After the stormy sort of day it was yesterday had caused the RSPB members group trip to Copinsay to be cancelled. It was to my good fortune to find an email offering four places on the rescheduled trip for Sunday. A quick phone call and I was booked in for Sunday morning’s bash. The forecast for improving weather proved to be the first one that had been right for days. The ride to Deerness was warm and pleasant, the north sea soon stretched before me looking smooth blue and inviting. It was a bit bright for my old camera as I intended to spend my time didgiscoping. I didn’t really mind as it was a stunning day I could live with a little over exposure. Parking up the group are all heading down for the boat but I have to loose a few layers before I can run and catch up. Soon enough we are off for the thirty minute trip to the island. We introduce our selves all round and are soon pointing out birds dotted all around us as we go. The first puffin draws the aww’s from the Puffin fans as it passes us with its some what inelegant flight. To The right or should that really be starboard, the cave pocked cliffs off Deerness are slowly left behind and we cross the open water to Copinsay. As there are two boat loads going across today we are to land at a rocky ledge on Corn Holm there being no depth of water at the light house pier. We have fine views of the superb cave on Black Holm as Sidney Deftly manoeuvres the boat in along side to where we can step ashore on to the grippy barnacle covered rock ledge.
Copinsay is really an archipelago of four small islands. Copinsay its self and Corn Holm, Black Holm and Ward Holm all linked by storm beach or at low water. They are all owned by the RSPB, any agriculture that’s taking place is part of the management plan for birds. The other folks here are the lighthouse board. They coincidently enough are here in force today as well with there premier ship Pharos off shore and their helicopter moving loads back and fore to the lighthouse. Corn Holm is heaving with life. The whole island is a Greater Blacked Gull colony. With in this is are surprisingly several Greylag geese nesting away. It seems a strange choice but there must be some security for them in this dubious company. We circuit along the shallow cliff top, this provides great views of Puffins, Tysties, Razorbills Shags and Guillemots all close in. As you can imagine we were dive bombed from time to time as we moved through. It was all understandable as the hottest day of the year was encouraging the Blackbacks first eggs to start hatching and it was all kicking off. The periphery was home to far more Fulmars than you see on the mainland and all the birds on this deserted island were a lot more tolerant of folks than their counterparts only five miles away. We take to the shell sand beach on the last leg to have a look at an impressive spread of Oysterplant. This is one of the rarest of maritime plants and Orkney can be proud to be one of the most important places for it in the UK. A nice find as we left was a small colony of Arctic Terns that were just starting up and took to the air to warn us off. Allan had a look whilst we had a count, We got about120- 150 and he found they were laying. It was something encouraging to think about as we picked our way across 400m of seaweed covered boulders that forms the causeway that’s only exposed at low tide.
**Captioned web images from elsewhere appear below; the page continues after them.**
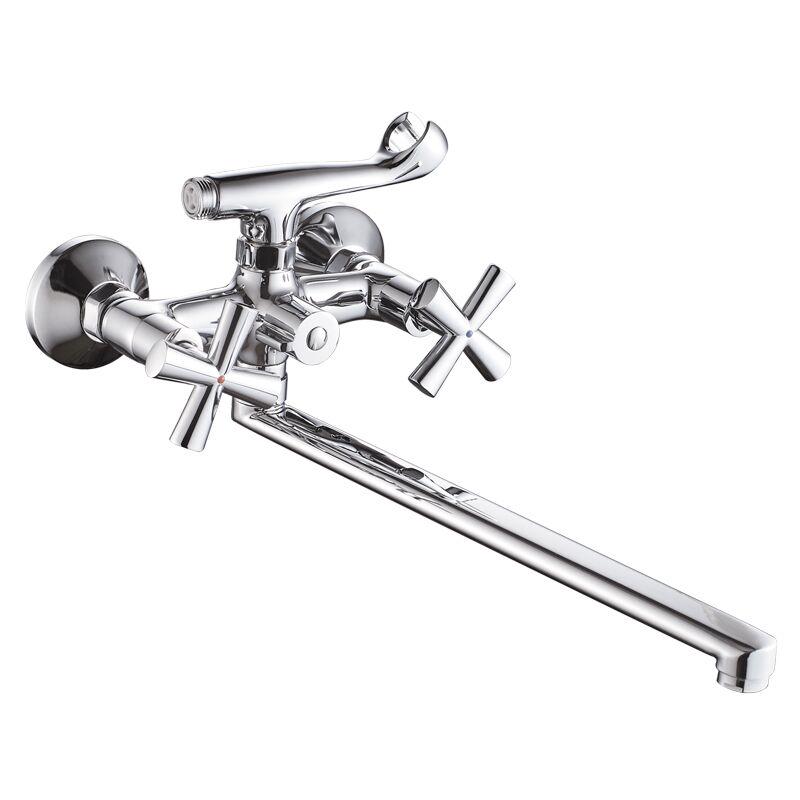 Смеситель для ванны Haiba Sentosa 006 (HB0836)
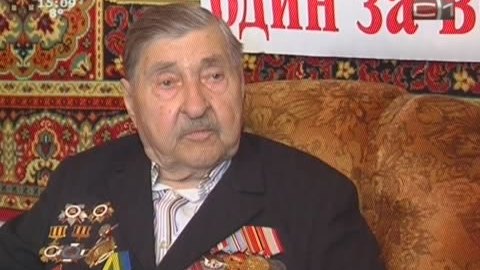 Скончался старейший сургутский ветеран ВОВ Иван Щеглов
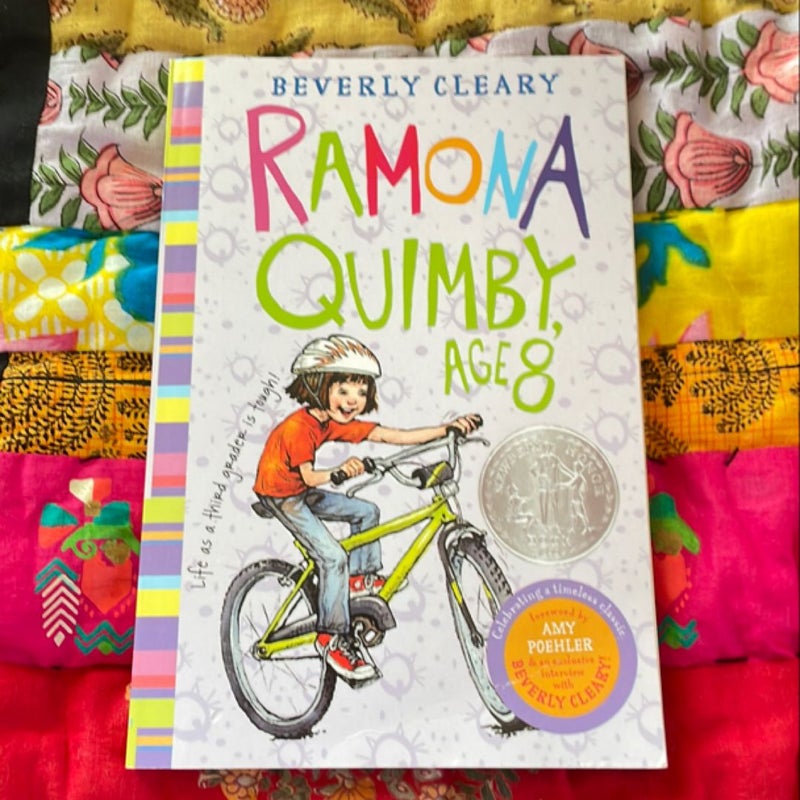 Ramona Quimby, Age 8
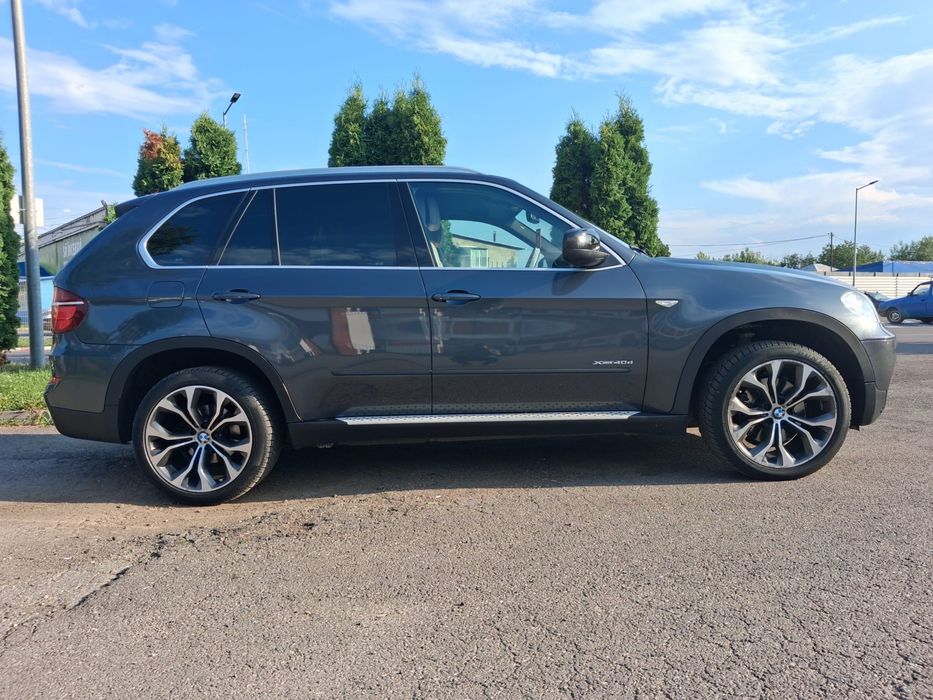 BMW X5 2011 — imagine 3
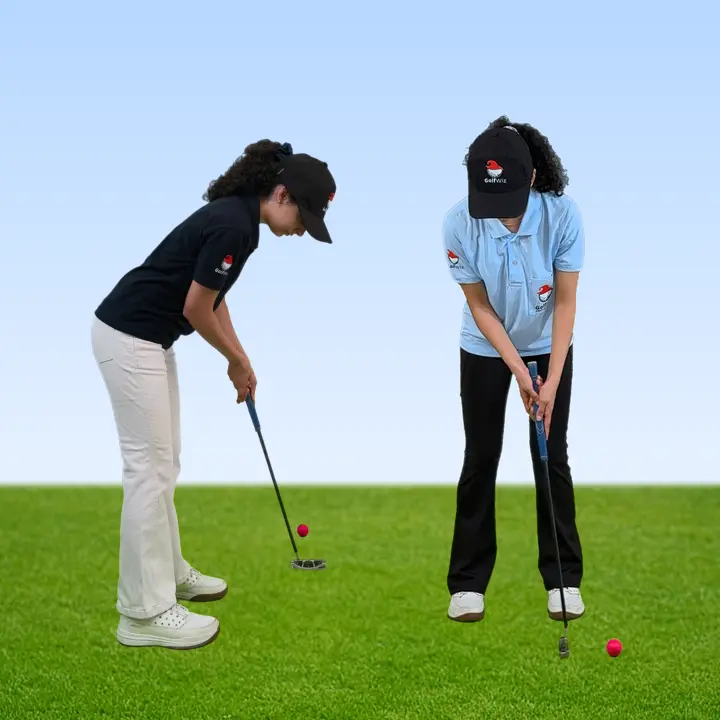 Through-Stroke Putting Errors - GolfWiz AI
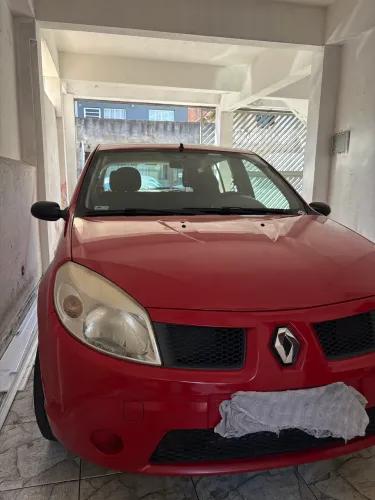 Renault Sandero Authentique Hi-flex 1.0 16V 5P 2009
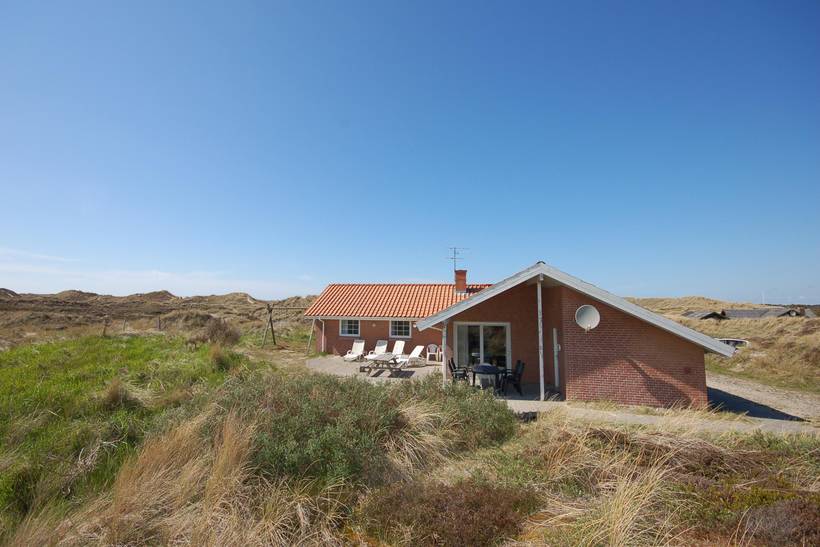 Foto von Ferienhaus AU53 in Klegod - Westjütland
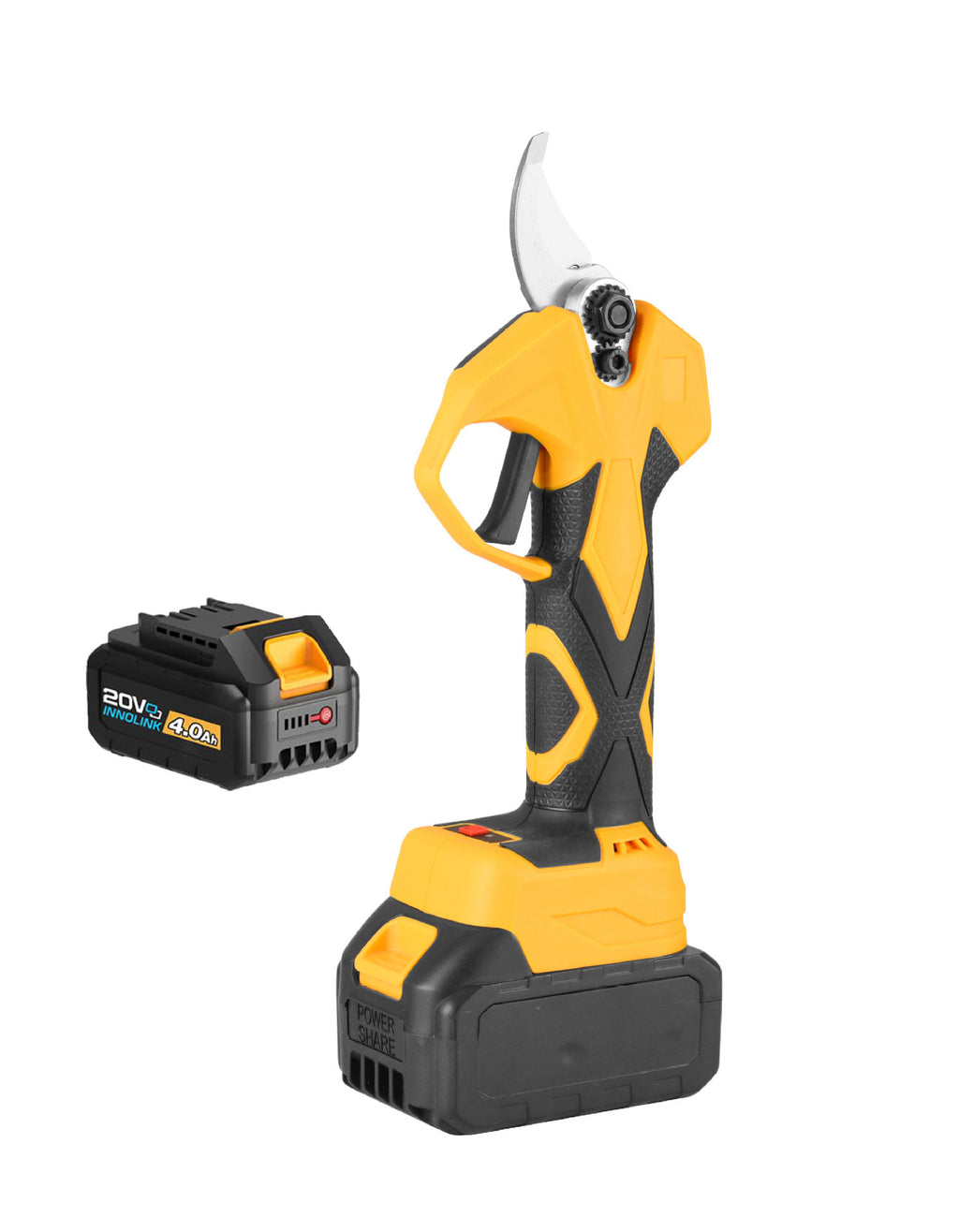 Kabelloser Trimmer mit SK5-Klinge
Every one finally makes it across and we time it fine to meet the second boat load arriving. This time they can just make it in to the pier so we are all together in one group. Those of us who want to do our own thing set off and the others set off in a group to circum navigate the island. I head up to the north side past the Common gull colony and on to the rising cliff looking over north ebb. Tysties and Scarfies abound with rafts of Scarfies taking to the water as I crest the horizon and startle them in to life. The track rises and the view increases, Puffins and Guillemots dot the water whilst the occasional gull takes a dive at head height as you pass through their territory. I am taking photos as I go along but the whites are proving to be a problem in the bright sunlight. The views are crisp and bright through the scope though and in flat calm conditions you really couldn’t ask for better viewing. All the way up I was hoping for Puffins to be ashore. You can find them along here and the younger non breeding birds tend to hang out with little to do but pose for photographs. It wasn’t going to happen today though. It must still be quite quiet under ground. I saw little coming and going from the cliffs mostly the Puffins were sitting on the water loafing about doing little. There was a Herring Gull colony at North view and it seems to be a regular feature. Other birds on the north side were 6 Twite in 4 and 2. 2 Snipe chipping away.
Heading up the east cliff rise the path rises spectacularly as it follows the up thrust of an ancient fault line. The high cliffs we are ascending have been pushed up here from the sea bed. The sea below covers a deep chasm making their real size of the cliff yet bigger. On the highest point looking towards the lighthouse I settle down to have my lunch…in a t shirt..unreal. From my vantage point I can see that although occupied the cliffs don’t look over populated with auks and Kittiwakes. Bonxies make low passes from time to time. These are nesting in the fields below. A superb light phase Arctic Skua passes feet from me a few times as I sit and eat. I hear another Snipe chipping away and I catch a bird going to a nest maybe seventy yards from a nesting Bonxie. My first Painted Lady butterfly passed over my feet as I was sitting there as well. It was to be the first of several and probably a fall of migrating butterflies as they head north…migration’s an amazing thing.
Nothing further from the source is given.